**Web page caption snippets**
BEGIN

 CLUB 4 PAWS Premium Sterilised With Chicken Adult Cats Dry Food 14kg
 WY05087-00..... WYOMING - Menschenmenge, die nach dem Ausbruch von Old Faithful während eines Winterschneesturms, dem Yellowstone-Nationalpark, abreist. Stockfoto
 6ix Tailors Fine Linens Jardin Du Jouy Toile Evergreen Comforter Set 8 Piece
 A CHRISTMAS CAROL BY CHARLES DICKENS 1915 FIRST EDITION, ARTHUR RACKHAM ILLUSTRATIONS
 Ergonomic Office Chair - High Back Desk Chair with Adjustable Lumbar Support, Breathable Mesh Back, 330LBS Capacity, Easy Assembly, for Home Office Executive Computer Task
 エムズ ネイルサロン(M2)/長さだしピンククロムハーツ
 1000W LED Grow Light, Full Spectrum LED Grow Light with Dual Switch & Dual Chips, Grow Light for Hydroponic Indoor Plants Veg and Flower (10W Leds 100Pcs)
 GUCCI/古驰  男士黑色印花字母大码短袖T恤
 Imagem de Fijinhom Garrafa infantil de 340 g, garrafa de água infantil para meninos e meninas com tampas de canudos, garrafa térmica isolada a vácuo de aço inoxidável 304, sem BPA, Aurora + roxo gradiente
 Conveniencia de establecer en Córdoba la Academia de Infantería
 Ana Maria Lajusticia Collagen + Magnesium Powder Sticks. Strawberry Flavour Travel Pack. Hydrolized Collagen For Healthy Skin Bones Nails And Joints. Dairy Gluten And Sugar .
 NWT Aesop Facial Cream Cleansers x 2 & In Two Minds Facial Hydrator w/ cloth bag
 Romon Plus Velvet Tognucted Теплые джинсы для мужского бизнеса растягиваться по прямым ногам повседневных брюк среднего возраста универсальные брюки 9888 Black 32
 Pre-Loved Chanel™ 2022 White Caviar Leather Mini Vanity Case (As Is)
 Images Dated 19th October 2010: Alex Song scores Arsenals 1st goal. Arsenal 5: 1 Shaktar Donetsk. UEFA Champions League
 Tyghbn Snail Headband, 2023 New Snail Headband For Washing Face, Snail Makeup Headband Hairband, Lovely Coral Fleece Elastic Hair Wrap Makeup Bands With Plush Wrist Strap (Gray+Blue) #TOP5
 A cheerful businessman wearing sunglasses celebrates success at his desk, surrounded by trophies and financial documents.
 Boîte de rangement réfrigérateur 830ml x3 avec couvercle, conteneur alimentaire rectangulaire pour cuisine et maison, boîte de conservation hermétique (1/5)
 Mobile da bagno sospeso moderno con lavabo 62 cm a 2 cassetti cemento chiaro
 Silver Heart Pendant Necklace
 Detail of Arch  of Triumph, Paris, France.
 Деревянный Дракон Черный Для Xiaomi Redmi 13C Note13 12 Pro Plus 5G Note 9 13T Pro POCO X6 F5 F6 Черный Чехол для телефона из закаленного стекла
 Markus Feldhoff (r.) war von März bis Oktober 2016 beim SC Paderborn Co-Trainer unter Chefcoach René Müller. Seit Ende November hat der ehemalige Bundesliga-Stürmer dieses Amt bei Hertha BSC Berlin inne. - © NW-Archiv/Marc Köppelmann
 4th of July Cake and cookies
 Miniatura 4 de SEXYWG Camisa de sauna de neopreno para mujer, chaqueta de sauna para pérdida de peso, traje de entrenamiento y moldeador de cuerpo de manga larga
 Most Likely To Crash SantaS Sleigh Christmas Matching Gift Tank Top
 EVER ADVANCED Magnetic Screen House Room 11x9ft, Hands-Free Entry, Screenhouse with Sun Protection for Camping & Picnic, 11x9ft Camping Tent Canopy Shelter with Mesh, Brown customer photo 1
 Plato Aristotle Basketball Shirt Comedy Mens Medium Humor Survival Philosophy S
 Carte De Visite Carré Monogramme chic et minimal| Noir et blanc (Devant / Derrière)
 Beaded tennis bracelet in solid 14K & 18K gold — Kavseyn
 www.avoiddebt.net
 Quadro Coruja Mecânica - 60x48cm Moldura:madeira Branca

END

**INSTRUCTIONS FOR THE TASK**
Set down each entry again, exactly as written.

**EXERCISE ANSWER**
 CLUB 4 PAWS Premium Sterilised With Chicken Adult Cats Dry Food 14kg
 WY05087-00..... WYOMING - Menschenmenge, die nach dem Ausbruch von Old Faithful während eines Winterschneesturms, dem Yellowstone-Nationalpark, abreist. Stockfoto
 6ix Tailors Fine Linens Jardin Du Jouy Toile Evergreen Comforter Set 8 Piece
 A CHRISTMAS CAROL BY CHARLES DICKENS 1915 FIRST EDITION, ARTHUR RACKHAM ILLUSTRATIONS
 Ergonomic Office Chair - High Back Desk Chair with Adjustable Lumbar Support, Breathable Mesh Back, 330LBS Capacity, Easy Assembly, for Home Office Executive Computer Task
 エムズ ネイルサロン(M2)/長さだしピンククロムハーツ
 1000W LED Grow Light, Full Spectrum LED Grow Light with Dual Switch & Dual Chips, Grow Light for Hydroponic Indoor Plants Veg and Flower (10W Leds 100Pcs)
 GUCCI/古驰  男士黑色印花字母大码短袖T恤
 Imagem de Fijinhom Garrafa infantil de 340 g, garrafa de água infantil para meninos e meninas com tampas de canudos, garrafa térmica isolada a vácuo de aço inoxidável 304, sem BPA, Aurora + roxo gradiente
 Conveniencia de establecer en Córdoba la Academia de Infantería
 Ana Maria Lajusticia Collagen + Magnesium Powder Sticks. Strawberry Flavour Travel Pack. Hydrolized Collagen For Healthy Skin Bones Nails And Joints. Dairy Gluten And Sugar .
 NWT Aesop Facial Cream Cleansers x 2 & In Two Minds Facial Hydrator w/ cloth bag
 Romon Plus Velvet Tognucted Теплые джинсы для мужского бизнеса растягиваться по прямым ногам повседневных брюк среднего возраста универсальные брюки 9888 Black 32
 Pre-Loved Chanel™ 2022 White Caviar Leather Mini Vanity Case (As Is)
 Images Dated 19th October 2010: Alex Song scores Arsenals 1st goal. Arsenal 5: 1 Shaktar Donetsk. UEFA Champions League
 Tyghbn Snail Headband, 2023 New Snail Headband For Washing Face, Snail Makeup Headband Hairband, Lovely Coral Fleece Elastic Hair Wrap Makeup Bands With Plush Wrist Strap (Gray+Blue) #TOP5
 A cheerful businessman wearing sunglasses celebrates success at his desk, surrounded by trophies and financial documents.
 Boîte de rangement réfrigérateur 830ml x3 avec couvercle, conteneur alimentaire rectangulaire pour cuisine et maison, boîte de conservation hermétique (1/5)
 Mobile da bagno sospeso moderno con lavabo 62 cm a 2 cassetti cemento chiaro
 Silver Heart Pendant Necklace
 Detail of Arch  of Triumph, Paris, France.
 Деревянный Дракон Черный Для Xiaomi Redmi 13C Note13 12 Pro Plus 5G Note 9 13T Pro POCO X6 F5 F6 Черный Чехол для телефона из закаленного стекла
 Markus Feldhoff (r.) war von März bis Oktober 2016 beim SC Paderborn Co-Trainer unter Chefcoach René Müller. Seit Ende November hat der ehemalige Bundesliga-Stürmer dieses Amt bei Hertha BSC Berlin inne. - © NW-Archiv/Marc Köppelmann
 4th of July Cake and cookies
 Miniatura 4 de SEXYWG Camisa de sauna de neopreno para mujer, chaqueta de sauna para pérdida de peso, traje de entrenamiento y moldeador de cuerpo de manga larga
 Most Likely To Crash SantaS Sleigh Christmas Matching Gift Tank Top
 EVER ADVANCED Magnetic Screen House Room 11x9ft, Hands-Free Entry, Screenhouse with Sun Protection for Camping & Picnic, 11x9ft Camping Tent Canopy Shelter with Mesh, Brown customer photo 1
 Plato Aristotle Basketball Shirt Comedy Mens Medium Humor Survival Philosophy S
 Carte De Visite Carré Monogramme chic et minimal| Noir et blanc (Devant / Derrière)
 Beaded tennis bracelet in solid 14K & 18K gold — Kavseyn
 www.avoiddebt.net
 Quadro Coruja Mecânica - 60x48cm Moldura:madeira Branca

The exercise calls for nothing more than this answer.